| TASK REQUIREMENTS |
In the records below, find the line that contains "Konen München - Cárdigan" and the line that contains "Purple Amethyst Cross". Set down exactly those lines and every line between them, and nothing more.

** Opening EXCERPTED RECORDS block **

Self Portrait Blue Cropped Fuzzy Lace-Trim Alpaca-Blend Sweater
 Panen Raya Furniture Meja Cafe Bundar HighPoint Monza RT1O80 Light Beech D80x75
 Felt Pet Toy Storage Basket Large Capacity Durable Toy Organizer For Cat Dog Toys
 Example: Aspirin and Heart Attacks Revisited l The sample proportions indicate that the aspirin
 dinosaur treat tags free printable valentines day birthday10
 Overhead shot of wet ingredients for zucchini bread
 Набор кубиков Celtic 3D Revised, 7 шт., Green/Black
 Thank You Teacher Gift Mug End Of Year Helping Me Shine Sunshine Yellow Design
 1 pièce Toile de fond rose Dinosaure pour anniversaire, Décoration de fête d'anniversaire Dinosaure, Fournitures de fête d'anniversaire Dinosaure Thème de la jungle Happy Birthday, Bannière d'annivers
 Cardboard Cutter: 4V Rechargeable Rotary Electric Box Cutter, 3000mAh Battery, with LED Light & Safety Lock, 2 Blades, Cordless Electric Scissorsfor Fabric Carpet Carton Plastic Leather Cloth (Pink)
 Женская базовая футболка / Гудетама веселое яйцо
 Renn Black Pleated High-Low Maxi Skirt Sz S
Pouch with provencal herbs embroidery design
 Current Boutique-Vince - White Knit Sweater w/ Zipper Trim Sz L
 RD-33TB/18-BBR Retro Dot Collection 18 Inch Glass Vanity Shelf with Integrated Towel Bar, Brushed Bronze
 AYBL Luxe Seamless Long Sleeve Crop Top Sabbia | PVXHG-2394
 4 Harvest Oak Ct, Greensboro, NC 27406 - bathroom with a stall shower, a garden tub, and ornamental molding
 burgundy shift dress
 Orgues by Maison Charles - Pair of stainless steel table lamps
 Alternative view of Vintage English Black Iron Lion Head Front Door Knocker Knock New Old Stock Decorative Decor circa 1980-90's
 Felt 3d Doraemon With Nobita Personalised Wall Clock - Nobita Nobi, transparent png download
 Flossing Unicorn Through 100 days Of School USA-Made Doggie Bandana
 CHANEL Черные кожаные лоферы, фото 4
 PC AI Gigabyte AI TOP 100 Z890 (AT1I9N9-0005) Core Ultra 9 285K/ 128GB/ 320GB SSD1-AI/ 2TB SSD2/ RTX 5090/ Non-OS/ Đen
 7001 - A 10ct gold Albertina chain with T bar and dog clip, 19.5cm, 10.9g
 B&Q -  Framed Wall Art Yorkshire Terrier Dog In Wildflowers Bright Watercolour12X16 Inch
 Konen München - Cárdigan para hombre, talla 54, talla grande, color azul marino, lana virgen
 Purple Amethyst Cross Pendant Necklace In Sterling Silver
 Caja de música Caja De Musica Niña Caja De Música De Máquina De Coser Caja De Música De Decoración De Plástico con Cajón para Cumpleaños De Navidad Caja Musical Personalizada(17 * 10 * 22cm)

** Closing EXCERPTED RECORDS block **

| SOLUTION TO THIS TASK |
 Konen München - Cárdigan para hombre, talla 54, talla grande, color azul marino, lana virgen
 Purple Amethyst Cross Pendant Necklace In Sterling Silver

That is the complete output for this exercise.